I started these posts on climate hysteria during the Little Ice Age as a way of situating our current apocalyptic thinking about climate change. According to Wolfgang Behringer, whom I have often cited in these posts, the 17th-century hysteria about climate cooling began to wane with the age of reason. Make that the Enlightenment. It began to be understood that the catastrophes resulting from the adverse weather conditions were a consequence of what we would now call “underdevelopment” and of ineffective — make that corrupt — political and social institutions that are still the norm for much of the world. “The public was no longer prepared to accept sermons about divine retribution, but pointed to the structural deficits and political omissions that hindered relief operations after crop failures. Why were the roads so bad that bread cereals could not be expeditiously imported? Why were the warehouses too small to supply the poor? … Why had royal officials not made adequate provision?”

The authorities were forced to act, and did so. In Holland, for instance, there was an agrarian revolution beginning in the late 16th century. With the introduction of dyke-based land reclamation, crop rotation, irrigation, sowing of new varieties of seeds, famine became a rarer occurrence. This happened after 1709 “in the space of a single generation.” In Holland, of course, witch hunting had long been abandoned: “even heretics and Jews had the possibility of a relatively good life.”

Also occurring in Europe was an artisanal revolution. Among the many instruments produced and sold in large quantities were barometers, thermometers, pumps, and prisms. Newspapers took to recording daily atmospheric pressure readings.
Ice skating in Weimar

The dark winter landscapes of Pieter Bruegel gave way to friendlier winter depictions, and winter sports became popular, e.g., ice skating, of which Goethe was so fond. Of course, the rigors of nature were not over, and, as I mentioned in an earlier post, Goethe sought to avoid visits to the court in Gotha during the winter. Versailles must have been a fearfully cold place, despite all the glitter and glamour, but there arose the “Sun King” construct, promising a better future. Not only Louis XIV but also HRE Leopold I stylized themselves as “heat-providing central stars.”

Of course, the rise in bureaucratic structures that facilitated improvements in land use and in recovery from catastrophe was accompanied by a growth in populations, which in turn has put pressure on the earth and its resources, as have the industries that keep people employed, diverted, entertained, comforted, and so on. These developments, in my opinion, are serious for our fellow non-human creatures, but I do not believe that they cause the earth to become warmer or colder. That is a function of processes beyond our planet. We are simply not that powerful, although the ideology of progress suggests that we should be able to contain these processes.

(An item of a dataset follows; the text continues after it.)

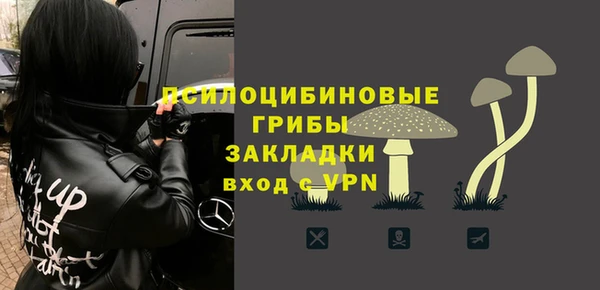 сатива Новодвинск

Nowadays, apocalyptic visions come from “above,” from the intellectual classes.  Thus, the concept of “eco-sin,” so redolent of the 16th and 17th centuries. As Behringer writes, in earlier times, a sin was an offense against God’s command that deserved to be punished, and it was the task of priests to point out violations of divine law.

Goethe Girl is really sticking her neck out here by quoting Behringer to the effect that civilization was a product of climate warming: “The Neolithic Revolution and the rise of ancient civilizations became possible in periods when it was somewhat warmer than it is today.” If the IPCC’s latest predictions are accurate, those levels will be reached again at some point in the twenty-first century. “Then the Alpine glaciers will melt, but not those of the Antarctic. We will save on heating costs and use less fossil energy. What will become of the deserts? Will they really spread? During the Atlantic period, more water circulated in the atmosphere and the Sahara was fertile.”

So, if the earth is becoming warmer, we must take measures to contain and reduce its effects, just as in the Enlightenment people began to apply “reason” to counteract the effects of extreme cold. It is not a time to reprise the role of Nostradamus.